▶ How to complete this task:
Set down every record below exactly as it stands, with the pictures omitted.

▶ Data for this task:
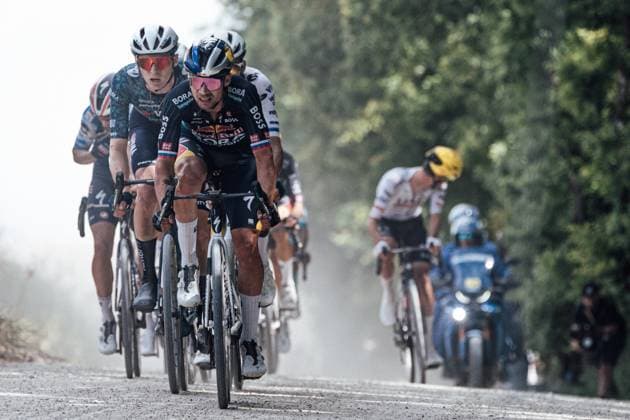 2024 Tour de France Picture by Zac Williams SWpix.com - 07 07 2024 - Cycling - 2024 Tour de France - Stage 9 Troyes - Troyes, France - Primoz Roglic, Red Bull Bora Hansgrohe, leads the chasing peloton. Copyright: x xSWpix.comx(t axPhotographyxHubxLtd)xZacxWilliams SWpix.comx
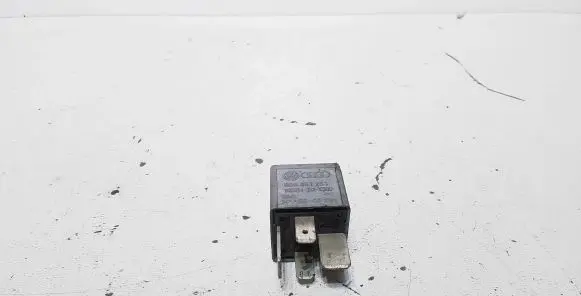 Audi A4 S4 B5 8D Other relay 8D0951253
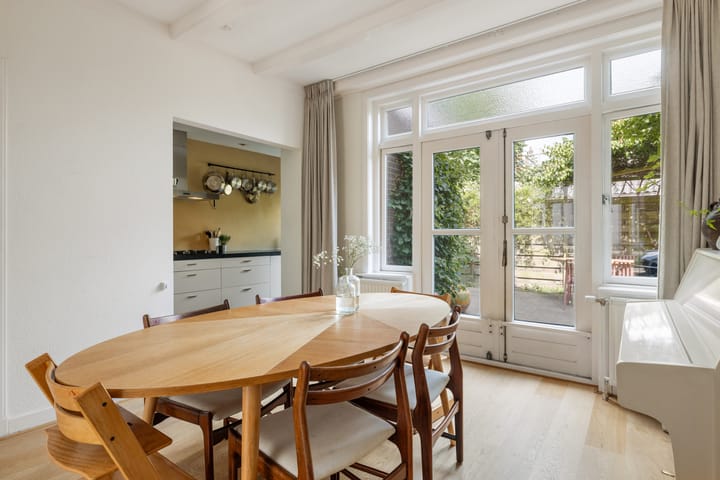 Photo 15 of Achterstraat 51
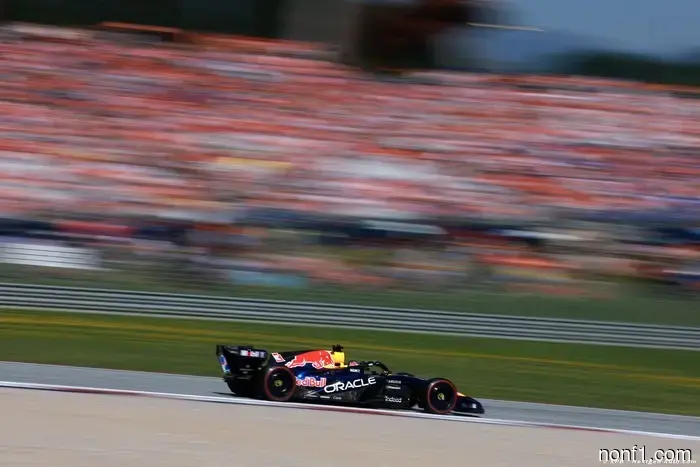 Verstappen makes a joke about Tibet following the recent Red Bull setback.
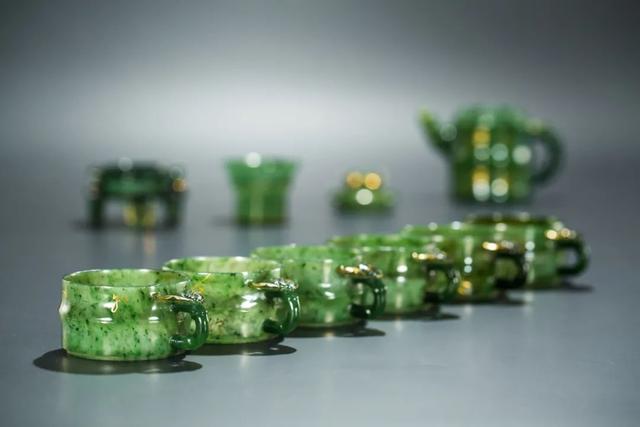 青海料晴水戴久了,水种翡翠小批量批发价格-第6张图片-翡翠网 青海料晴水戴久了,水种翡翠小批量批发价格-第6张图片-翡翠网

▶ Solution:
 2024 Tour de France Picture by Zac Williams SWpix.com - 07 07 2024 - Cycling - 2024 Tour de France - Stage 9 Troyes - Troyes, France - Primoz Roglic, Red Bull Bora Hansgrohe, leads the chasing peloton. Copyright: x xSWpix.comx(t axPhotographyxHubxLtd)xZacxWilliams SWpix.comx
 Audi A4 S4 B5 8D Other relay 8D0951253
 Photo 15 of Achterstraat 51
 Verstappen makes a joke about Tibet following the recent Red Bull setback.
 青海料晴水戴久了,水种翡翠小批量批发价格-第6张图片-翡翠网 青海料晴水戴久了,水种翡翠小批量批发价格-第6张图片-翡翠网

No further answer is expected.